Maternity leave is never free. Now there are basically three ways in which these schemes can be funded: Government's can legislate them, pay for them out of taxes or firms can voluntarily undertake to implement their own. The problem for those politicians who want to buy votes by forcing companies to pay maternity leave is that economic laws do exist and violating them can have very unpleasant consequences.
Now economics uses marginal productivity theory to explain wage rate determination. According to this theory there exists a tendency in a free market for every worker to earn the full value of his marginal product which in turn will equal the wage rate (the gross wage including all oncosts).
It naturally follows that should for any reason labour costs exceed this rate unemployment will emerge. This is why smarter politicians either try to subsidise maternity leave directly through the firm or pay for it out of taxes. One doesn't need to be a trained economist to see that these financial manoeuvres are an attempt to avoid the unemployment consequences of maternity leave policies.
Those with some knowledge of economics will immediately realise that in a truly free labour market unemployment would not emerge because government imposed labour costs would be factored back into lower net pay while leaving the actual wage rate (gross wage untouched).
However, politicians like to give the impression that there really is such a thing as a free lunch so they have no intention of allowing net wages to be adjusted downwards in response to any 'social justice' legislation. (Over time inflation or a continuing increase in productivity will in any case make the same adjustments.) Hence their shabby attempts to conceal the destructive aspects of their legislation.
It ought to now be clear that firms that run their own maternity schemes will only do so if they can factor the cost into a lower net pay thereby ensuring that individual labour costs do not exceed market rates. Therefore our reasoning leads to the ineluctable conclusion that forcing firms to pay maternity leave would have a similar effect on the demand for female labour as do effective minimum wage rates on the demand for youngsters.
Peter Costello, former Treasurer, decided to slag Abbott for straying from the free market fold. (Pretty rich coming from an economic illiterate). Costello is a member of discredited H. R. Nicholls Society, the outfit that wrecked the case for free labour markets and is therefore in no position to criticise Abbott. Now for some curious reason the notoriously arrogant Mr Costello has got it into his skull that he is the free market's white knight. God help us.
It never even occurred to this pompous twit and his fellow incompetents in the HRNS that maternity leave involves a fundamental moral question. Why should an employer be held in anyway responsible for the welfare of his employee's family? The Spanish Scholastics were abundantly clear on this issue and far more perceptive than any member of our so-called rightwing. As Luis de Molina (1535-1600) categorically put it, so long as an employee is being paid the market rate for his services
he cannot demand something more, or if he does not receive it secretly appropriate the goods of his master for his service.....the owner is only obliged to pay him the just wage [market rate] for his services considering all the attendant circumstances, not what is sufficient for his sustenance and much less for the maintenance of his children and family. (Cited in Alejandro A. Chafuen's Christians for Freedom: Late-Scholastic Economics, Ignatius Press, 1986, p. 125.)
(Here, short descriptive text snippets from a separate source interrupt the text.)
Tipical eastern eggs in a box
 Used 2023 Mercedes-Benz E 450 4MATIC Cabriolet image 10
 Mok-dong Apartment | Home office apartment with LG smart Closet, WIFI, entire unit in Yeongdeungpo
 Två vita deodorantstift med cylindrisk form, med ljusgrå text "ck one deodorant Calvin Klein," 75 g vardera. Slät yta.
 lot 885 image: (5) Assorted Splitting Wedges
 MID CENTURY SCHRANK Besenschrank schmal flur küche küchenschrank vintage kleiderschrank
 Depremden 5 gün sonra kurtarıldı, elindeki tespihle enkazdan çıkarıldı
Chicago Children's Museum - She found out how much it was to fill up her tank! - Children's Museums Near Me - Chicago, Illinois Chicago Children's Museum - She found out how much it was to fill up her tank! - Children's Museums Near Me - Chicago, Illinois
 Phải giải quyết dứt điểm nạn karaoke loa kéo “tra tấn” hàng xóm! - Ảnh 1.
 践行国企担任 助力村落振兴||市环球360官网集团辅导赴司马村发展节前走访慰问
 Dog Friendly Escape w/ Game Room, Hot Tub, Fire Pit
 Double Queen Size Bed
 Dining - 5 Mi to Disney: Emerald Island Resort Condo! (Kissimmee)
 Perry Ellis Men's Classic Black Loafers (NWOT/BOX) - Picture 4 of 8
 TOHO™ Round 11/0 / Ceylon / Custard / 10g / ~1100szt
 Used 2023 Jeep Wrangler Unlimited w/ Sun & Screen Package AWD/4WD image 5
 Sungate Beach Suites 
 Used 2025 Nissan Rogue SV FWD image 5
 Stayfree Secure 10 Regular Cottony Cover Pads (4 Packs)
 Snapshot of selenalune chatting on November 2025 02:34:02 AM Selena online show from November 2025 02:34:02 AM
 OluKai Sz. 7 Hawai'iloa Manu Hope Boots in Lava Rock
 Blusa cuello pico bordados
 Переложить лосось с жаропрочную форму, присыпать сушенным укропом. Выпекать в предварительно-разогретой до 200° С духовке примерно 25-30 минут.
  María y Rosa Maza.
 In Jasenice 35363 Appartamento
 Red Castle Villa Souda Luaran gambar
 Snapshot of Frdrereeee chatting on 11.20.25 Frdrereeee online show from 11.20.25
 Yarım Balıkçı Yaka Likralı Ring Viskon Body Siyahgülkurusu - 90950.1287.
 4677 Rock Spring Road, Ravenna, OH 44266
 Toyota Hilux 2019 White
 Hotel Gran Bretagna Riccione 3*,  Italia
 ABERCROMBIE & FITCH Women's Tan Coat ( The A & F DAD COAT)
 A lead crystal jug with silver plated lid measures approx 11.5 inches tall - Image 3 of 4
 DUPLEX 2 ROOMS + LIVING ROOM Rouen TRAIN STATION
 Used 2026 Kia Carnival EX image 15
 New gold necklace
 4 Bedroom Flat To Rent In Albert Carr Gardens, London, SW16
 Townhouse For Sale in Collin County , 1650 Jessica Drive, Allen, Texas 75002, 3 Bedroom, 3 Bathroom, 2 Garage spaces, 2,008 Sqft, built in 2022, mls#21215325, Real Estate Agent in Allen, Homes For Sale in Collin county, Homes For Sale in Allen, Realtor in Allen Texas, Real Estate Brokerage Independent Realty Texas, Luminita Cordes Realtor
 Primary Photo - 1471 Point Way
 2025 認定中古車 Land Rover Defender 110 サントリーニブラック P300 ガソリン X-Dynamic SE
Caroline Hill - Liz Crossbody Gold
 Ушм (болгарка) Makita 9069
Asking the right questions seems to be an impossible task for the HRNS, which probably explains its astonishing degree of ineptitude. So I'll ask another question: do people exist to serve the economy? Believe it or not Treasury head Ken Henry seems to think they do. According to this fanatical Keynesian mothers should be in the workforce serving the economy rather than be at home raising their children. Alexander Gray — economist and free marketeer — truly had the number of men like Henry when scathingly condemned
The repellent doctrine that man exists for the production of wealth, rather than that wealth exists for the use of man, here finds its classical utterance. (Alexander Gray, The Development of Economic Doctrine: An Introductory Survey, Longmans, Green and Co, 1948, p. 189).
Mr Henry's genius is boundless. How does he know that it is much better for mothers to be press ganged into the labour force, as if raising children is not hard enough? Because the Treasury has developed a "wellbeing index". This is the same bloody mob that couldn't foresee the US and Australian recessions and yet they claim to have the ability to make personal decisions for hundreds of thousands of mothers. Yikes! The next thing we'll hear is that Henry is running a coven and practising sorcery. He might as well because his economics is bloody useless.
It would never occur to this clapped out Keynesian that the mercantilist policies that he promotes has contributed mightily to this welfare mess. Come to think of it, it wouldn't occur to that bunch of conceited clowns at the HRNS either. It's because of the likes of Henry and the HRNS that economics is getting a bad name among the public.